Так когда-то Балтрушайтис, превратившийся из российского авангардиста в литовского дипломата, — ходил по Москве в поисках людей, которым мог бы почитать свои стихи, — и я его понимаю. Хотя не желал бы ему вернуться на «Ступени» и «Тропы» предвоенного Санкт-Петербурга, зависшего над пропастью мировой войны.

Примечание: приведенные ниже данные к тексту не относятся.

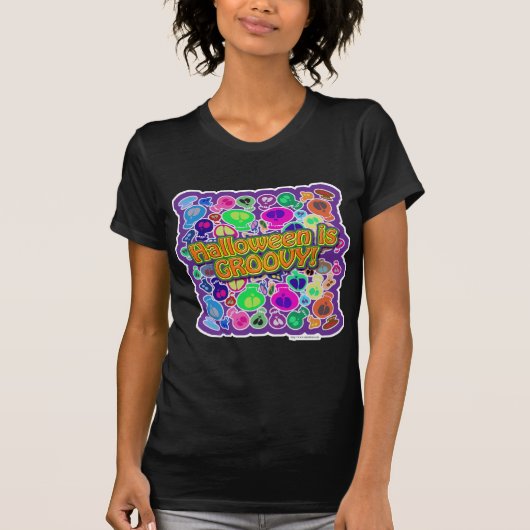 Halloween ist Groovy Spooky Slogan Design T-Shirt (Vorderseite)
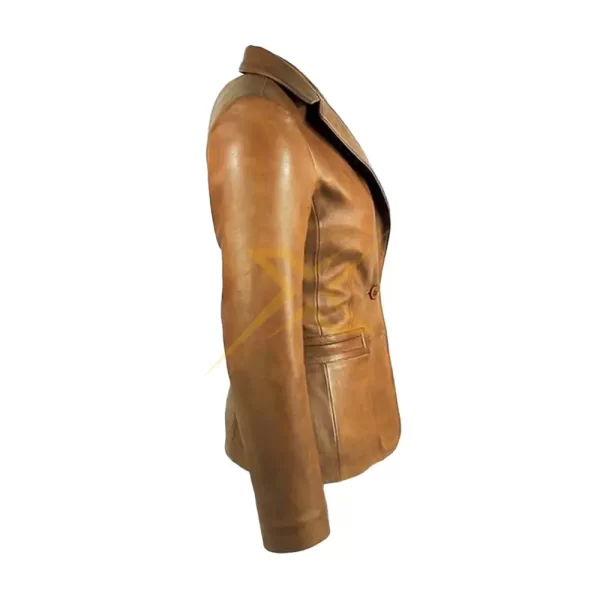 038 Ladies Genuine Leather Simple Casual Blazer Jacket 3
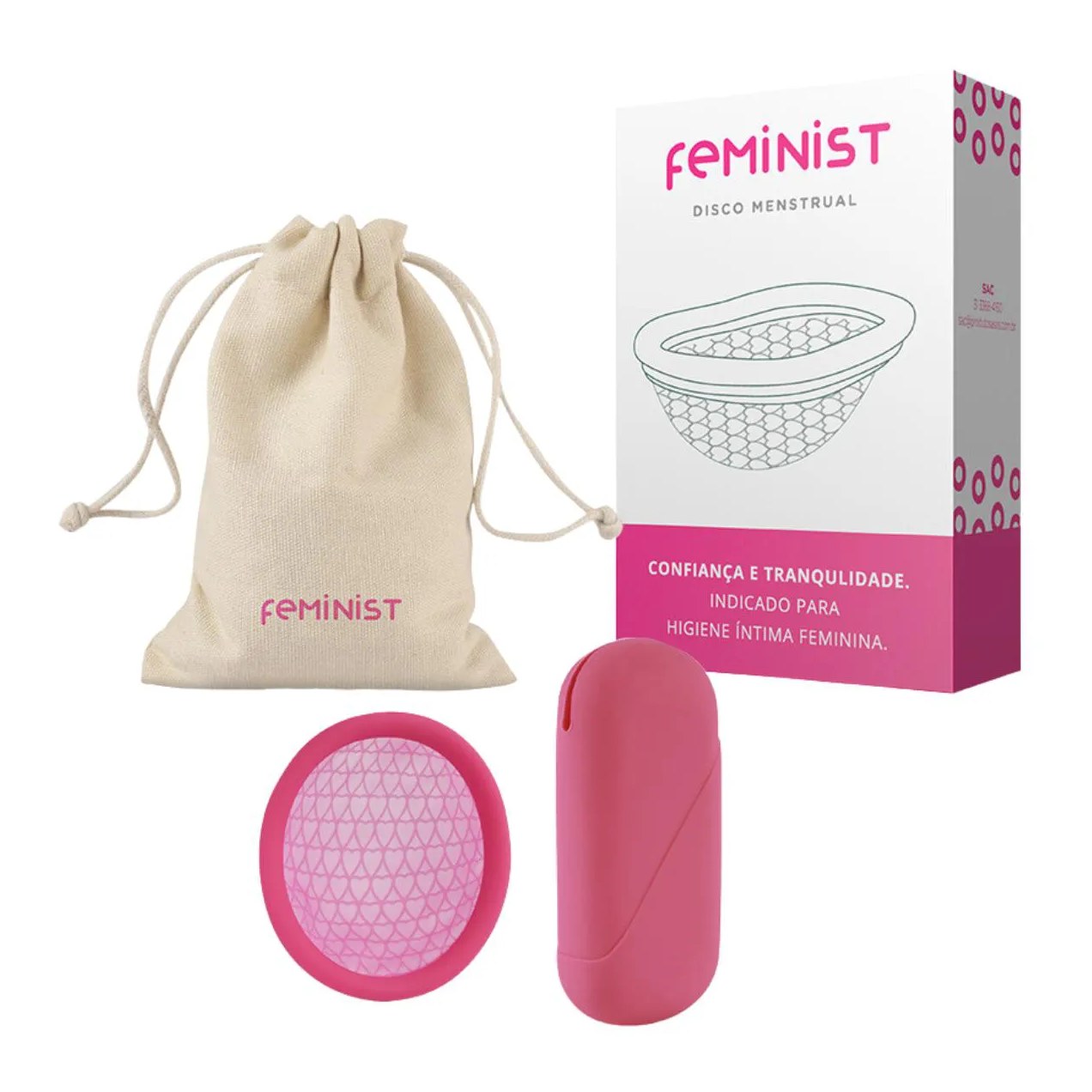 Kit disco menstrual feminist modelo a com bag de silicone
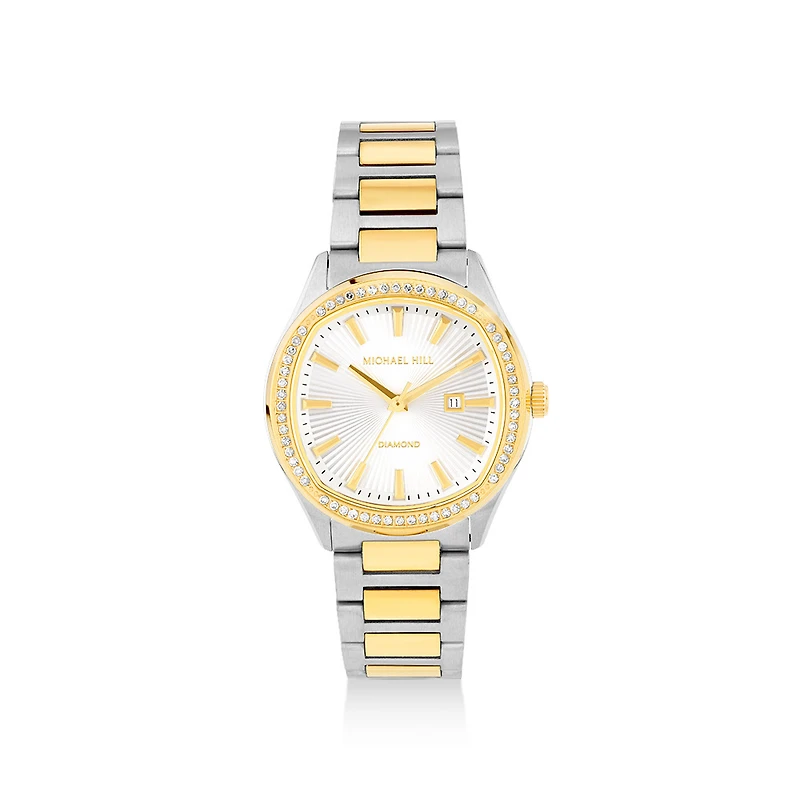 Montre Quartz Pour Femmes Deux Tons De 0,40 Carat Tw Diamant En Acier Inoxydable Ton Or Jaune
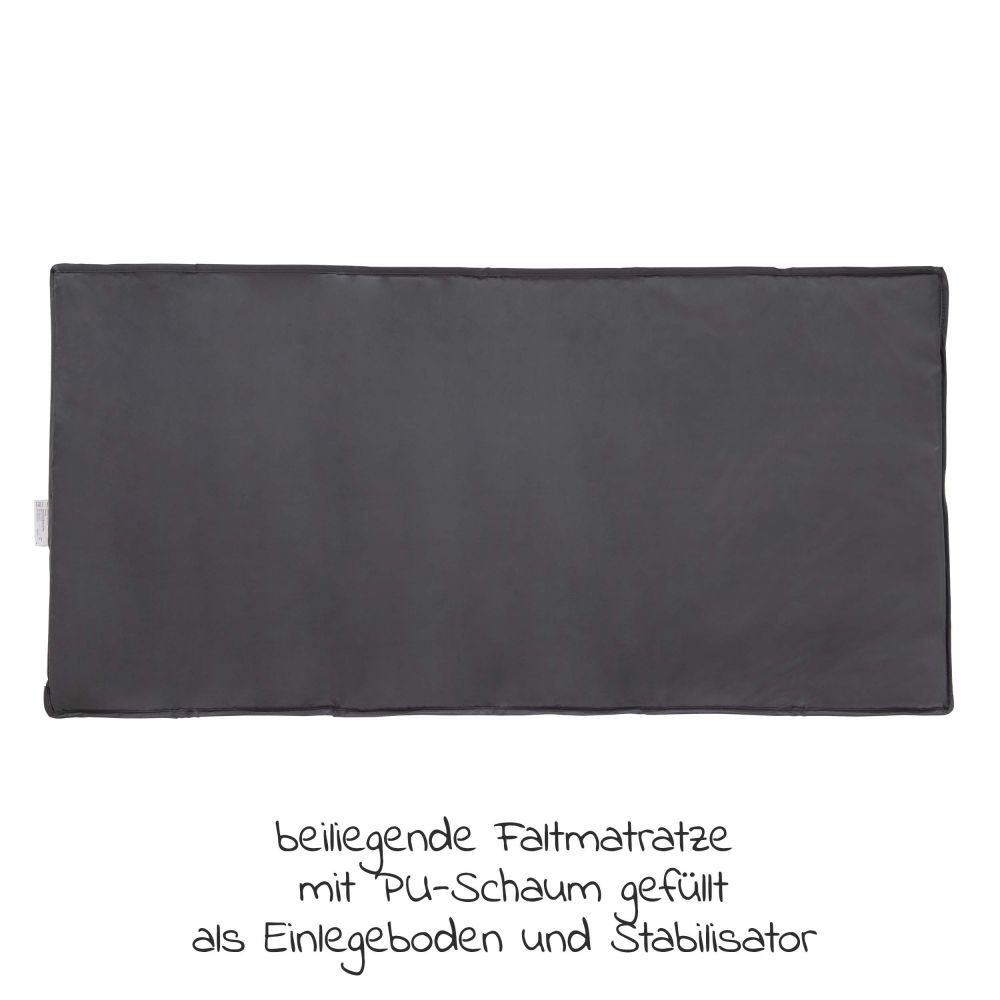 Hauck Baby-Reisebett Dream'n Play Plus - Grey, 3-tlg., Kinderreisebett mit Reisebett Matratze, Moskitonetz Tasche & Einstieg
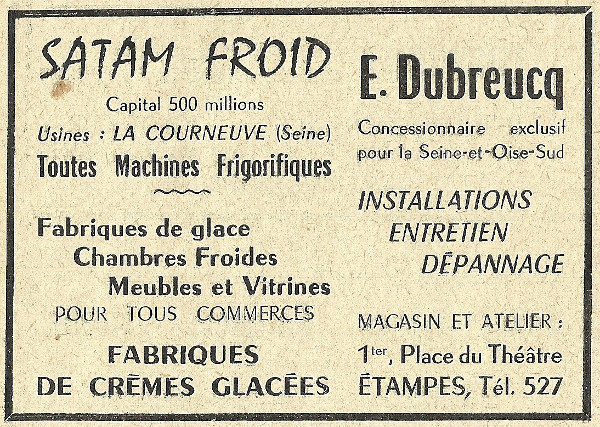 Réclame pour l'entreprise d'Edouard Dubreuc, frigoriste à Etampes en 1958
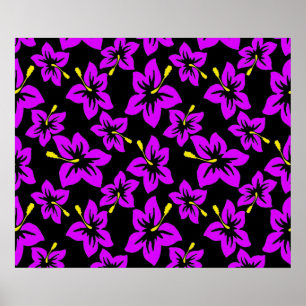 Tropiska Lilan Hawaiianska Hibiscus-blommor Poster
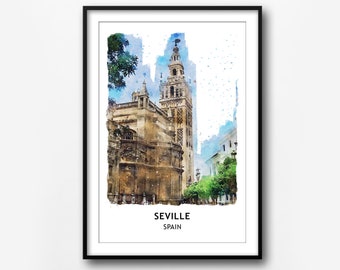 Seville Spanien Aquarell Kunstdruck: Reiseposter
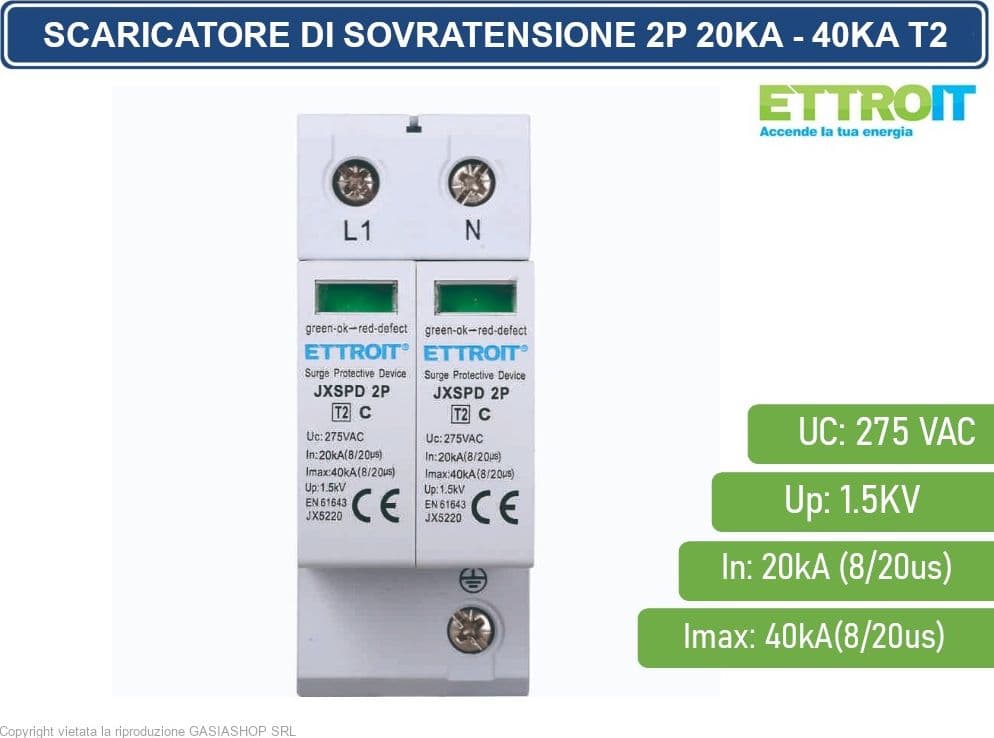 ETTROIT SCARICATORE LIMITATORE DI SOVRATENSIONE 2 MODULI TIPO T2 2P 20KA-40KA SPD A LIMITAZIONE PER BARRA DIN - 2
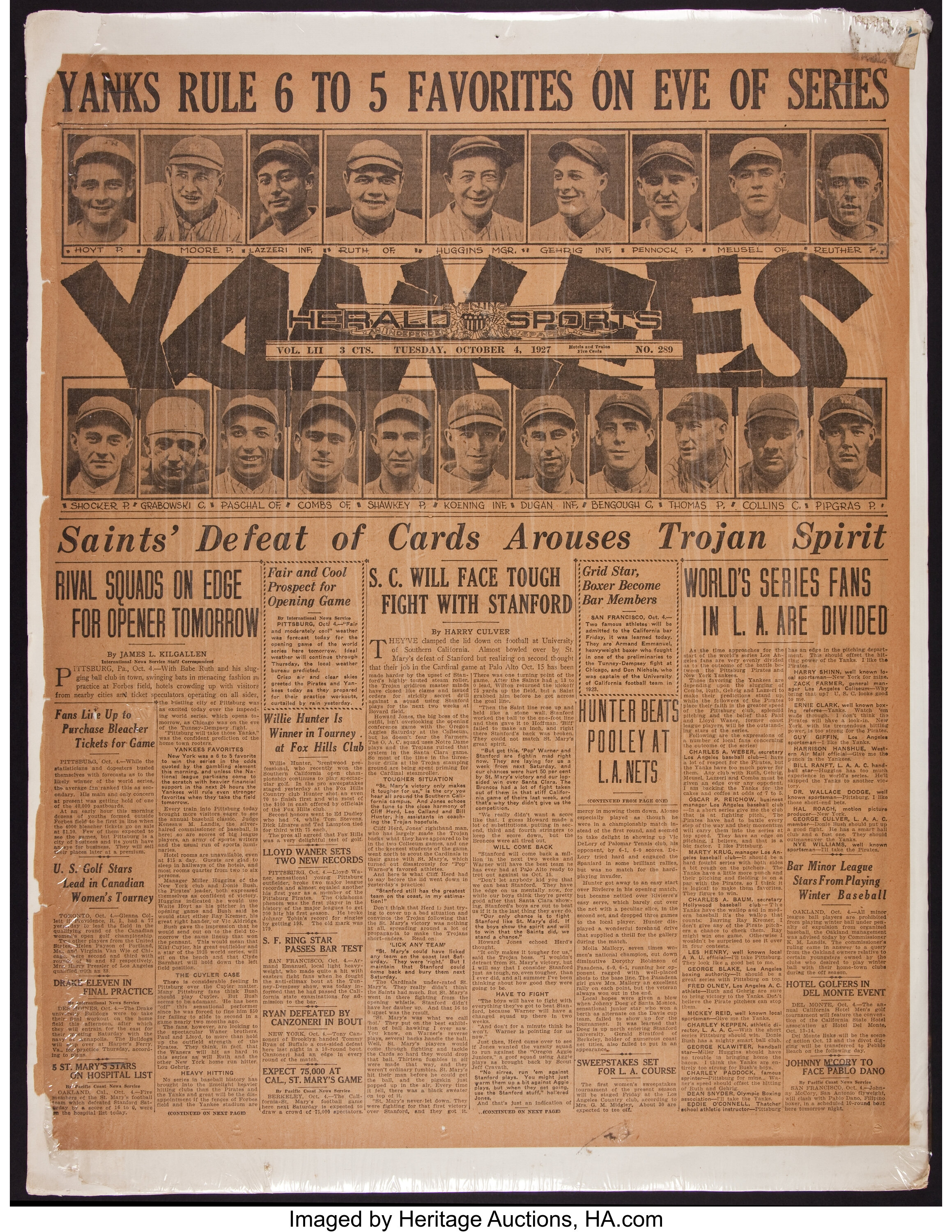 1927 New York Yankees World Series Original Newspaper. Baseball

Я не хочу возвращаться в 70-е годы, когда я, лукавя и выкручиваясь, протаскивал свои идеи сквозь редактуру и цензуру брежневских времен, — но я не могу не признать, что именно те времена были для меня порой живительных контактов с инонациональными душами нашего общесоветского ареала, и именно тогда я увлеченно писал об Авижюсе и о Слуцкисе, о литовском «зонде в подсознание» и о сравнительных достоинствах критических манер Альгимантаса Бучиса и Гурама Асатиани. То время не вернуть. Все в жизни бывает только раз.
Примем данность как данность, друзья мои. И расставим некоторые точки. Позвольте мне привести здесь цепочку определений, пересказываемых обычно в качестве анекдота, но имеющих некоторое отношение к реальности: литовец — это национальность; еврей — это клеймо; русский — это судьба.
Моя судьба — Россия. Несчастье России — мой рок. Когда я вижу русскую землю, заросшую бурьяном, брошенную жителями, а жителей этих, побежавших в общежития городов, — толпами стоящих перед дверьми пустых магазинов, — о чем другом могу я думать? Именно здесь, на брошенной земле, — корень тех поражений, которые терпит Россия во всех сферах. О чем бы ни думал, это зияет в душе: там, где должен стоять на своей пашне русский человек, — там пустота, пустошь, пустырь; некому работать, некому жить. Здесь корень бед. Отсутствие корня.